(Beginning of INFORMATION PROVIDED)

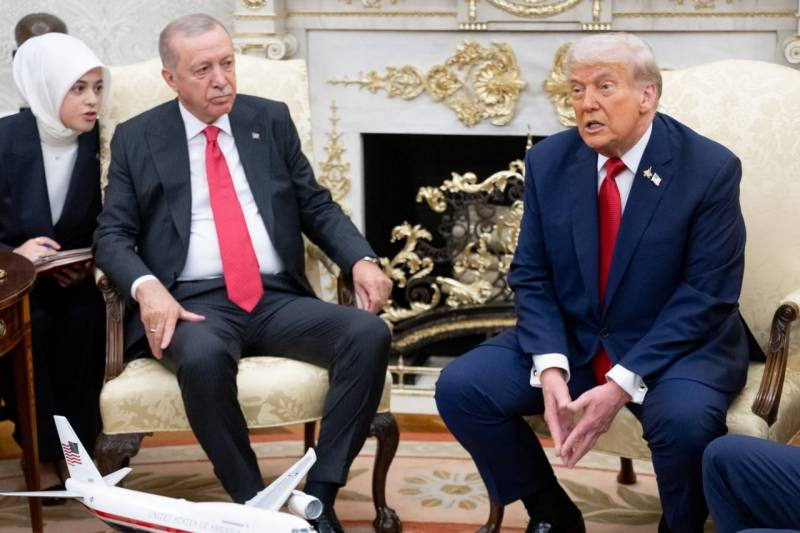 Trump hints at jets for Erdogan if Turkey quits Russian oil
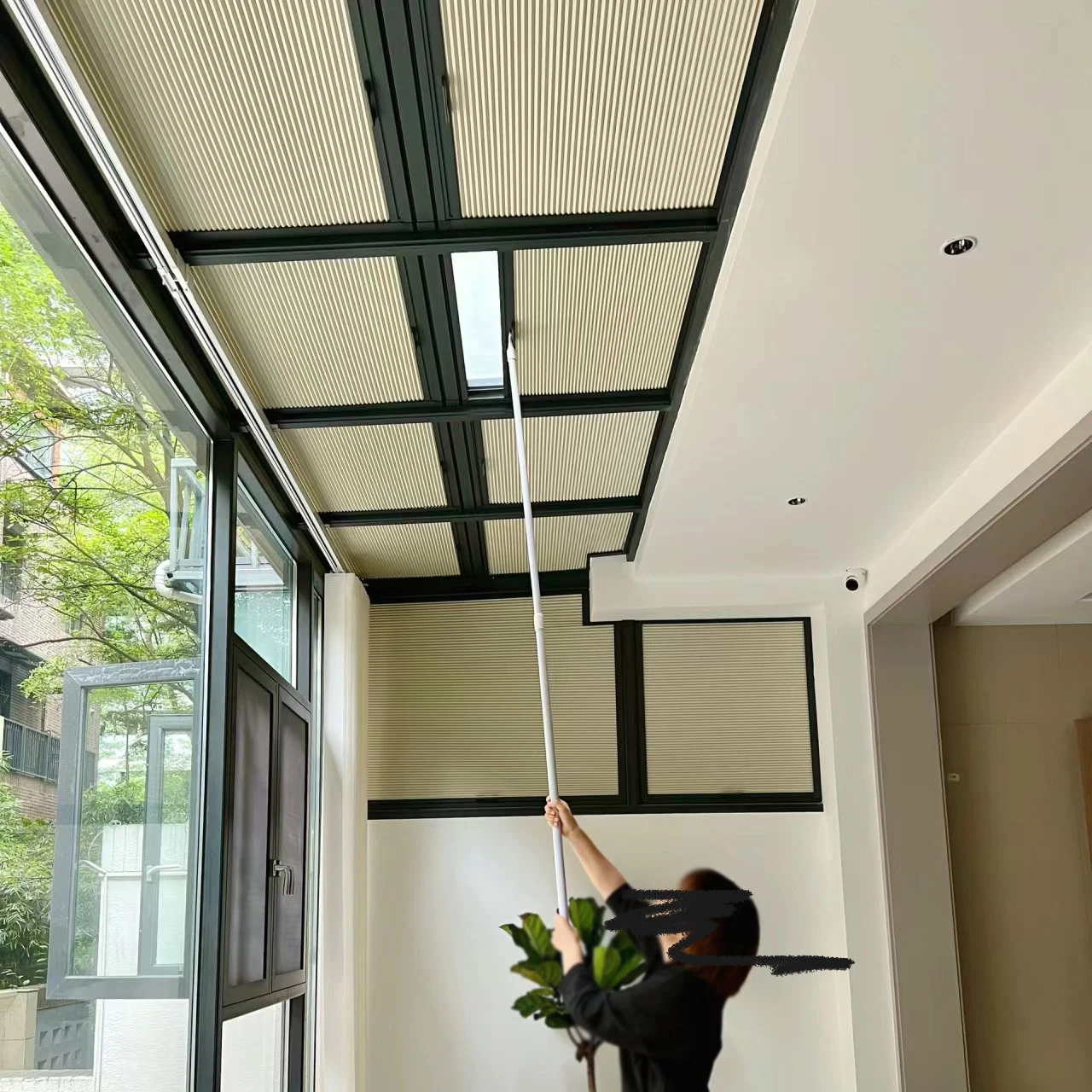 Full Blackout Manual Pattern Cellular Shades Cordless Honeycomb Blinds with Easy Technique Built-In Installation for Skylight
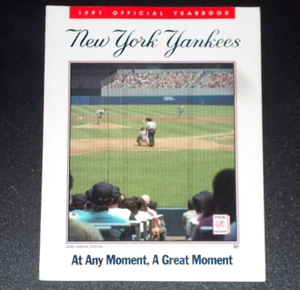 NEW YORK YANKEES *** 1991 Official Yearbook *** At Any Moment , A Great Moment - Picture 1 of 2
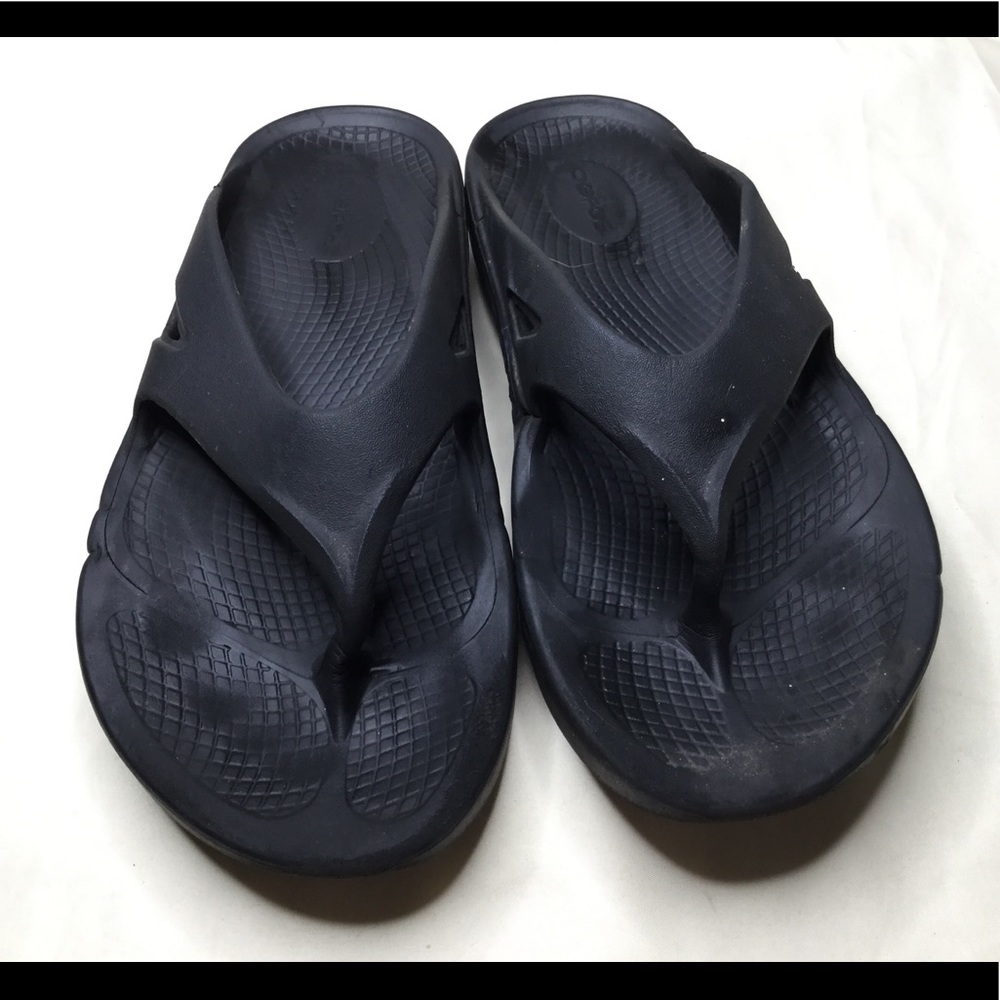 Oofos Ooriginal Recovery Flip Flops - 10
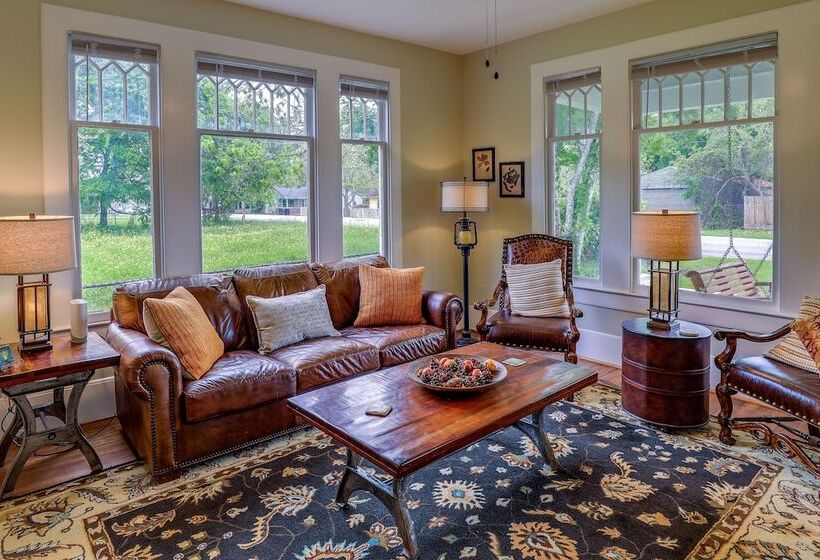 Gas Grill & Private Yard: Home In Bellville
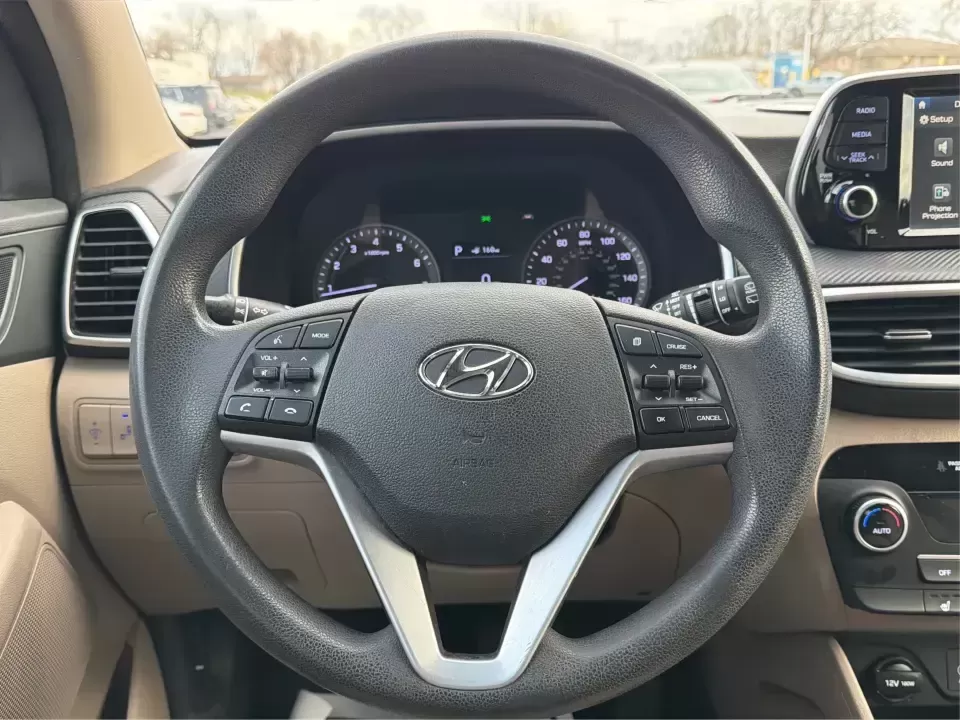 2019 Hyundai Tucson SEL (KM8J3CAL6KU) with an Theta 2.4L I-4 gasoline direct injection engine, 6A transmission, located at 1230 East Main St, Xenia, OH, 45385, (937) 908-9800, 39.688026, -83.910172 - **Adventure Awaits with the 2019 Hyundai Tucson SEL at Advantage Car and Credit - Fairborn!**<br /> <br /> Are you ready to elevate your lifestyle and explore the great outdoors? The 2019 Hyundai Tucson SEL is the perfect companion for both weekend adventures and everyday commutes. With its spacious - Photo#16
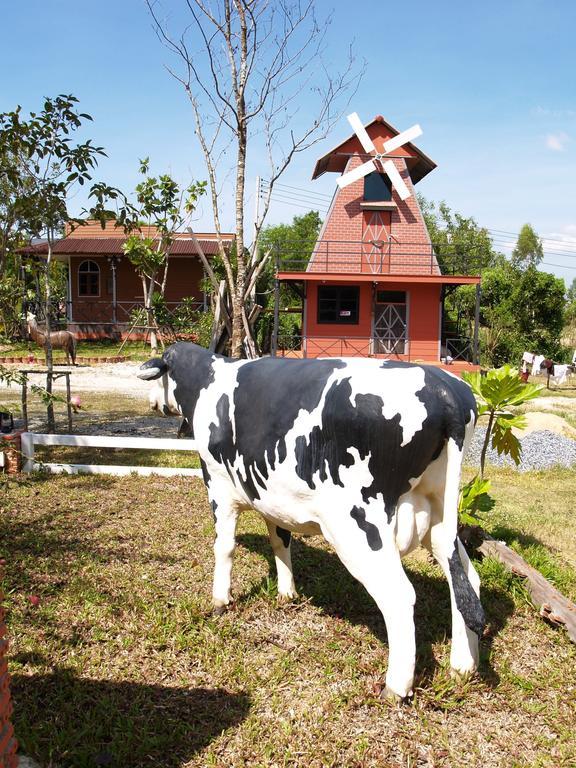 Cowboy Farm Resort Pattaya Ban Huai Yai Extérieur photo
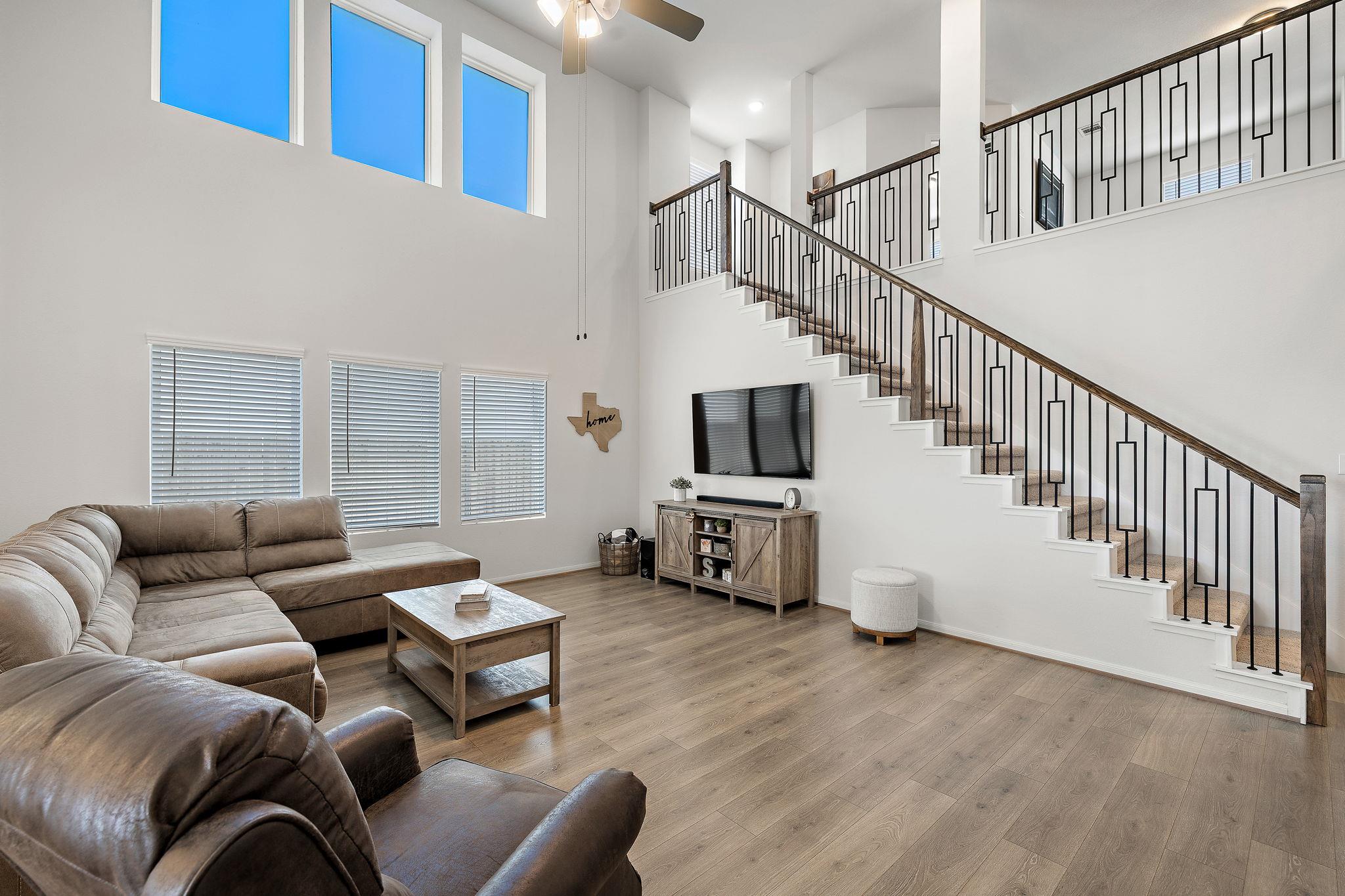 201 Crystal Brook Dr, Liberty Hill, TX 78642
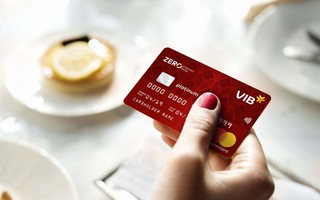 Lần đầu tiên phát hành thẻ tín dụng miễn lãi trọn đời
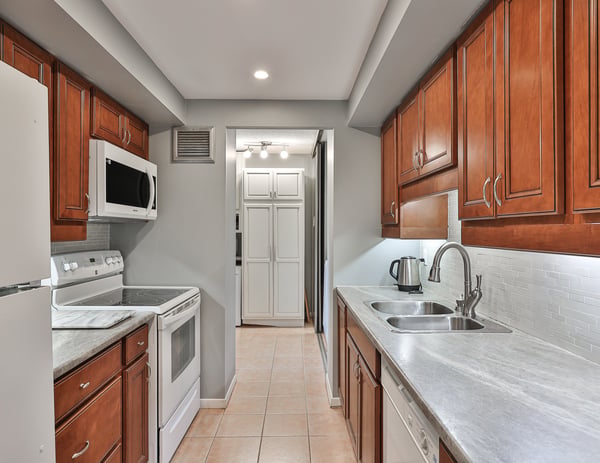 1300 Bloor Street #404, Mississauga, ON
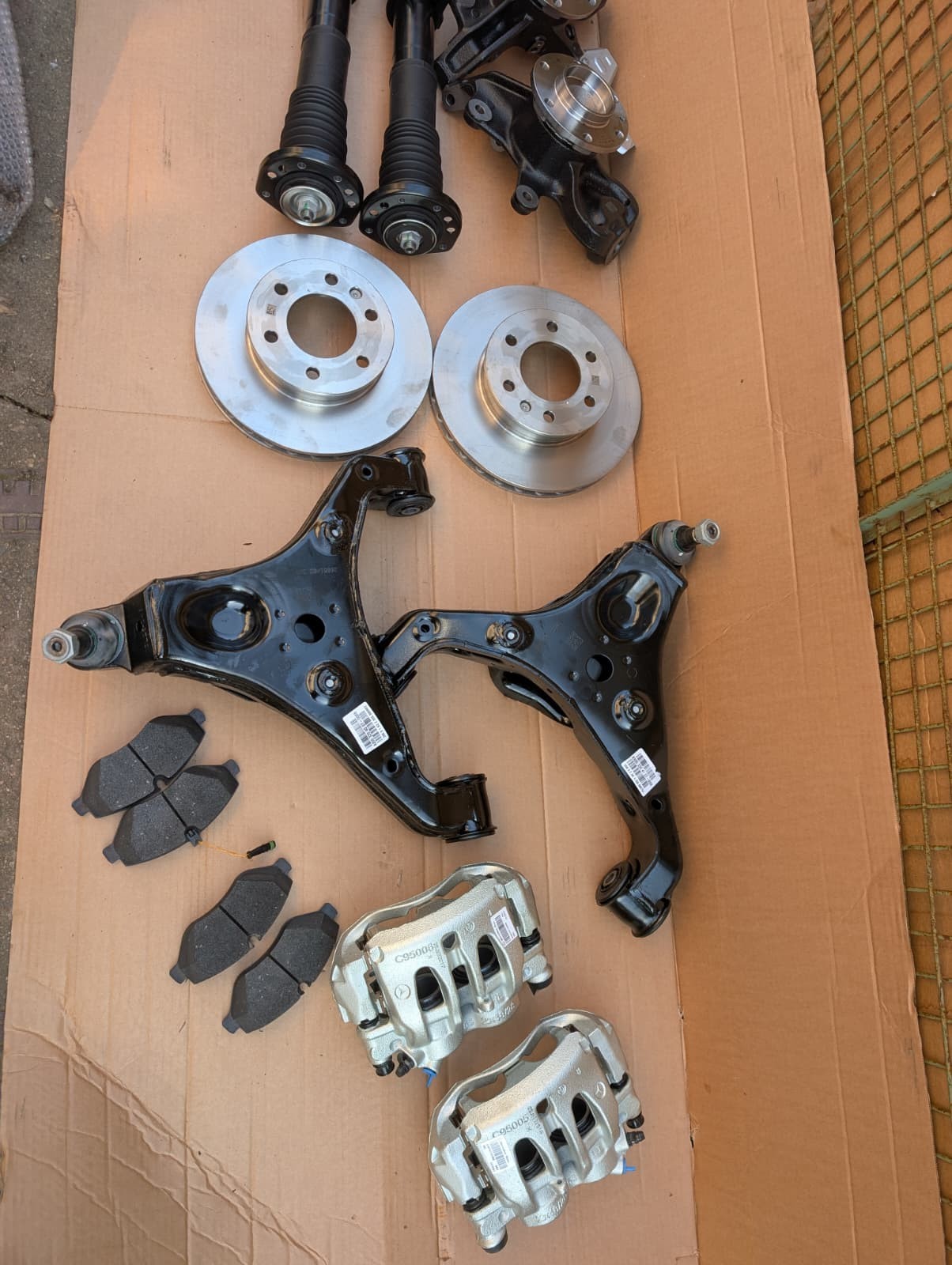 Original Mercedes Sprinter w907 W906 Vorderachse Satz Hymer Bremse Dämpfer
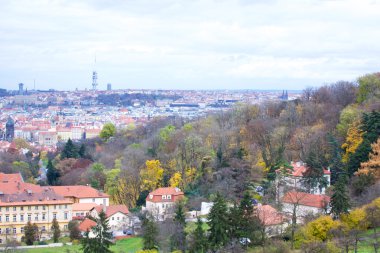 Prag'ın Gotik Kalesi ve Binalar üzerinde görünüm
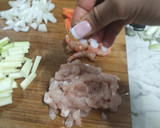 Foto del paso 1 de la receta: Fideos de arroz con verduras pollo y gambas 🫑🥑🍗🦐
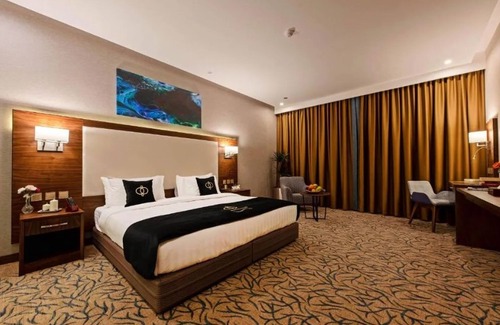 Jeddah Hotel | Dancenter Emerald Near Jeddah Corniche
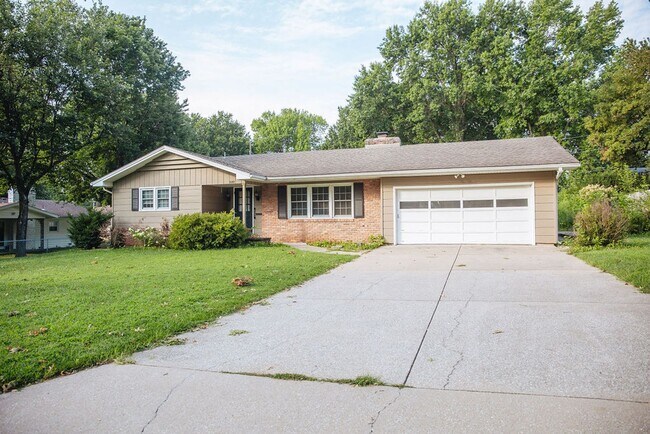 Building Photo - 3 Bed 3 Bath Home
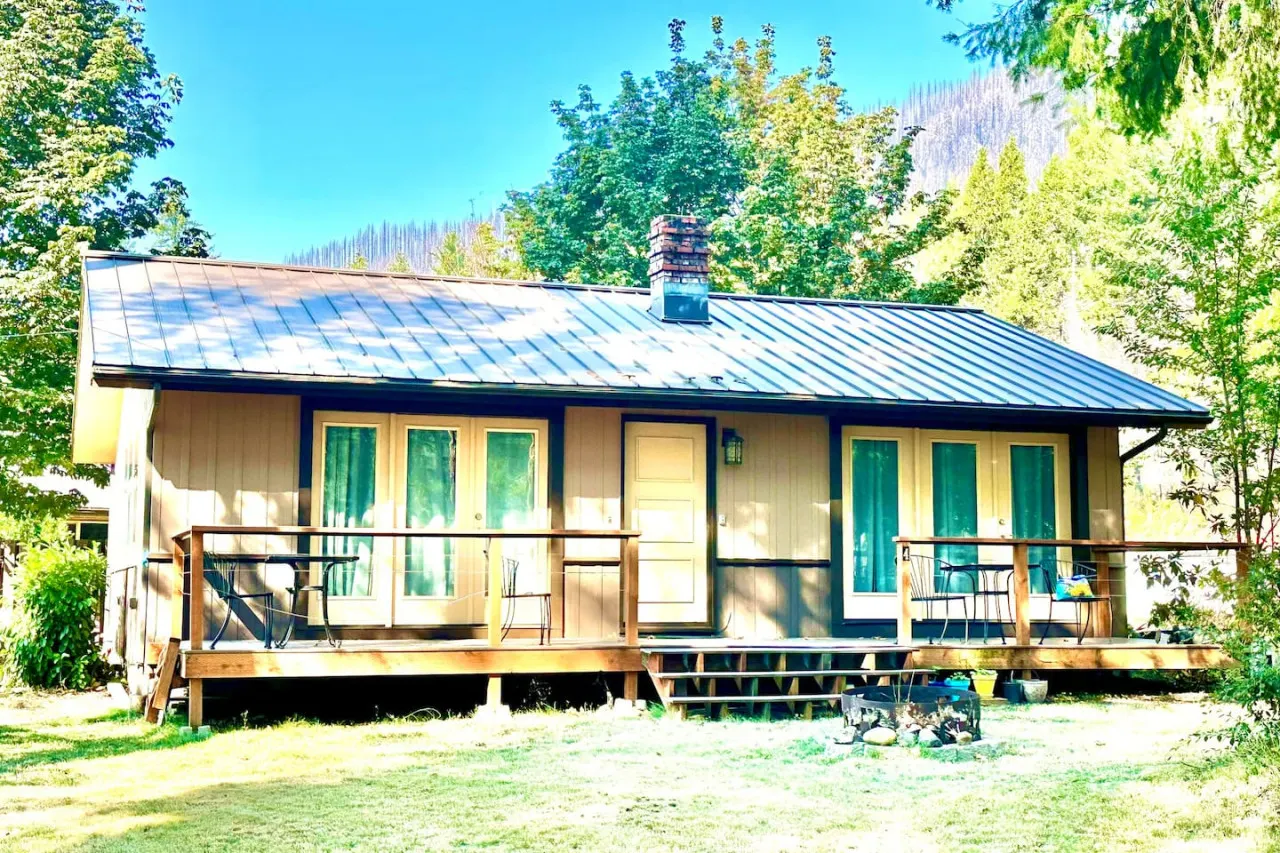 River Glen Cottage in Blue River, Oregon 11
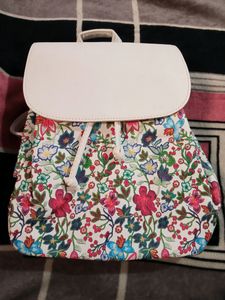 Multicolour Floral Bagpack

(End of INFORMATION PROVIDED)

§ REQUIRED ACTION:
The copy must start at the line containing "Foto del paso" and end at the last line of the records, matching each line exactly and holding no pictures.

§ THE ANSWER:
 Foto del paso 1 de la receta: Fideos de arroz con verduras pollo y gambas 🫑🥑🍗🦐
 Jeddah Hotel | Dancenter Emerald Near Jeddah Corniche
 Building Photo - 3 Bed 3 Bath Home
 River Glen Cottage in Blue River, Oregon 11
 Multicolour Floral Bagpack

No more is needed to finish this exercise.